On Tuesday, October 3, 2023, Ukraine and Poland announced their agreement to speed up the transit of Ukrainian cereal exports through Poland to third countries.
This marks a significant breakthrough that could help resolve the simmering row between the two countries.
The diplomatic spat between the two allies started when Poland imposed a ban on imports of Ukrainian grain.
Ukraine’s neighbours, Poland, Hungary, Bulgaria, Slovakia and Romania, had agreed with the European Union to impose an embargo on grain produced from Kyiv from April until September 15 to prevent a knock-on effect on its farmers.
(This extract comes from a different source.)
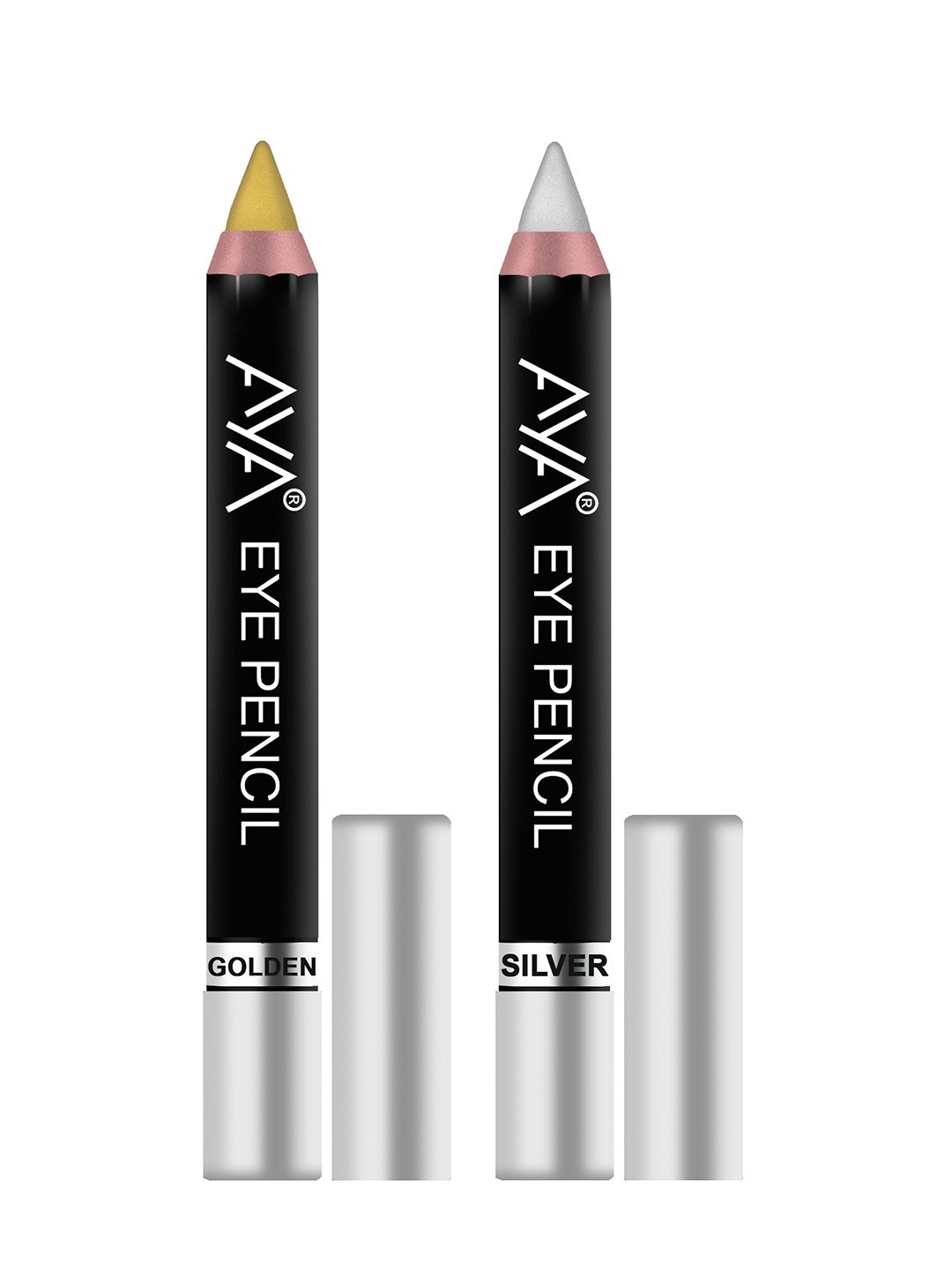 

AYA Set of 2 Eye Liner Kajal (Golden and Silver) - 2.8g each, Gold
After the embargo expired, Poland continued to impose the blockade, igniting a feud with Ukraine while also threatening Kyiv’s own capability to sustain itself economically as it continues to fight Russia.
The Polish government in Warsaw, which faces a general election on October 15, 2023, said that the embargo was designed to protect local farmers against a collapse in cereal prices.
Under Tuesday’s agreement, which also involves Lithuania, some Ukrainian grain destined for world markets will transit directly through Poland without undergoing quality checks at the Polish border.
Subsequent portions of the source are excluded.